我正在使用nutt 2.3.1,Solr 6.5.1和Mongodb来爬网和索引数据。我已经成功地在seed.text文件中抓取了最多5个网址,但是当我尝试抓取499个网址时,在索引时出现了以下错误。
> $ runtime/local/bin/nutch solrindex http://localhost:8983/solr/nutch -all
IndexingJob: starting
SolrIndexerJob: java.lang.RuntimeException: job failed: name=apache-nutch-2.3.1.jar, jobid=job_local505251134_0001
at org.apache.nutch.util.NutchJob.waitForCompletion(NutchJob.java:120)

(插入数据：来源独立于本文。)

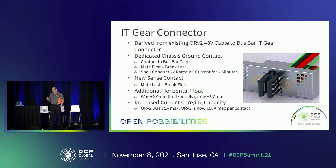Next, the IT gear connector — I want to talk in a little more detail about the changes and additions. It was derived from the ORV2 48-volt bus bar connector. What we did differently is we added chassis ground contacts. There are now contacts on the sides intended to ground the chassis of the IT gear to the rack itself. Those contacts mate first when the IT gear is inserted into the rack and are the last thing to break, so we have a full ground contact from chassis to chassis. Those contacts are designed to conduct twice the AC input current, which is 32 amps — so these contacts are designed to handle 64 amps for a maximum of two minutes, which is the specification.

at org.apache.nutch.indexer.IndexingJob.run(IndexingJob.java:154)
at org.apache.nutch.indexer.IndexingJob.index(IndexingJob.java:176)
at org.apache.nutch.indexer.IndexingJob.run(IndexingJob.java:202)
at org.apache.hadoop.util.ToolRunner.run(ToolRunner.java:70)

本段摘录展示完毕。